Start of RECORDS SUPPLIED
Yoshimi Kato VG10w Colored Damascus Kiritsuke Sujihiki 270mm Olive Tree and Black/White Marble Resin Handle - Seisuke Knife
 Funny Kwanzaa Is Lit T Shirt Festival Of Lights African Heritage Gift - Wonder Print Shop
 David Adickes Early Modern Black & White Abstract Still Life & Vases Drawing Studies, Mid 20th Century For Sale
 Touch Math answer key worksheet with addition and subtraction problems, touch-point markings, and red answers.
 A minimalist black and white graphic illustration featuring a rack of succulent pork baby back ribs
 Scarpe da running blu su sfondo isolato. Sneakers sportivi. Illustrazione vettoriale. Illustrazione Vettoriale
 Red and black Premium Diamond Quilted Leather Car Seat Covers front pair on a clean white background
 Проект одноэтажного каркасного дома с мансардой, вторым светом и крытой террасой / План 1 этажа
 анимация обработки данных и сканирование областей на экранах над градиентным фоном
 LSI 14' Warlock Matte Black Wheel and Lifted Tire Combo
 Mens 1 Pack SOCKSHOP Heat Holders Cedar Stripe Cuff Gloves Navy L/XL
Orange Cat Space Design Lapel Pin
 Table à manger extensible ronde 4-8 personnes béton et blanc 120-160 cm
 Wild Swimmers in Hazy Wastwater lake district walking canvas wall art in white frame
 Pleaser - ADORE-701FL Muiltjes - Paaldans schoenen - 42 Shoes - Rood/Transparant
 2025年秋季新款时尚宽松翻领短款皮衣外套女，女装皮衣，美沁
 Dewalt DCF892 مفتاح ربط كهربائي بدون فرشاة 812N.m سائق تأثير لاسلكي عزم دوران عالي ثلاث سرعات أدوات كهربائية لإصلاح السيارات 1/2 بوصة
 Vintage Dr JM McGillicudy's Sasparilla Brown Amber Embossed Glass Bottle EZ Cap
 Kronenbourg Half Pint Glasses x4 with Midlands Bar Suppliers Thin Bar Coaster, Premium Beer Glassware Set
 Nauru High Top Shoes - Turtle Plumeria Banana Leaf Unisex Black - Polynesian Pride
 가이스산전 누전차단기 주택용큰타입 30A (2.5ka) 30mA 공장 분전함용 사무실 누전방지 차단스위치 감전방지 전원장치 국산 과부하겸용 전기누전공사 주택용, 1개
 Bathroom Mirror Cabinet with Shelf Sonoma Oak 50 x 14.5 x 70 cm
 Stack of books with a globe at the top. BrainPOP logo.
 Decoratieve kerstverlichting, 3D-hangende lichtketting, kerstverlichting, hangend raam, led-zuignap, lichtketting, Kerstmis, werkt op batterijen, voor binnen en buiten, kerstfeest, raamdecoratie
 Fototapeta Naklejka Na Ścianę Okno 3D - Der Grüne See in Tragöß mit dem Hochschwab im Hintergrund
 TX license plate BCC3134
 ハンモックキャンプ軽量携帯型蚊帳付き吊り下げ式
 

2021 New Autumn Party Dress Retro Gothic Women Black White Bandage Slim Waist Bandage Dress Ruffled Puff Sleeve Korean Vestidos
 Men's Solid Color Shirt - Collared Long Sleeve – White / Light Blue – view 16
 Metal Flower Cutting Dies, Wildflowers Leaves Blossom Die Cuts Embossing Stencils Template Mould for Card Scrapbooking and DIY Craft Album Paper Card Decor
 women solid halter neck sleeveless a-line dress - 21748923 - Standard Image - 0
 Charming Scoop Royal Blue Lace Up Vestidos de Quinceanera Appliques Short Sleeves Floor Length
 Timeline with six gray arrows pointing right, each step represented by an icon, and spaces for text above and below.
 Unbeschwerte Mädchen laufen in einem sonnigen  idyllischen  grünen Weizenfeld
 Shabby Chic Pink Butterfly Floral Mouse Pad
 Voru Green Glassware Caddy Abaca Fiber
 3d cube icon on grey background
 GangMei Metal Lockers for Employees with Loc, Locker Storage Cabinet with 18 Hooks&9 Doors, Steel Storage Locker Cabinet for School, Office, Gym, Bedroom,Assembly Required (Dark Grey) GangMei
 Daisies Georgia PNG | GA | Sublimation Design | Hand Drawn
End of RECORDS SUPPLIED
- [YOUR OBJECTIVE] Please reproduce, exactly as they appear above, the lines from the line containing "Pleaser - ADORE-701FL" up to and including the line containing "Dewalt DCF892 مفتاح".

- [OUTPUT OF THE EXERCISE]
 Pleaser - ADORE-701FL Muiltjes - Paaldans schoenen - 42 Shoes - Rood/Transparant
 2025年秋季新款时尚宽松翻领短款皮衣外套女，女装皮衣，美沁
 Dewalt DCF892 مفتاح ربط كهربائي بدون فرشاة 812N.m سائق تأثير لاسلكي عزم دوران عالي ثلاث سرعات أدوات كهربائية لإصلاح السيارات 1/2 بوصة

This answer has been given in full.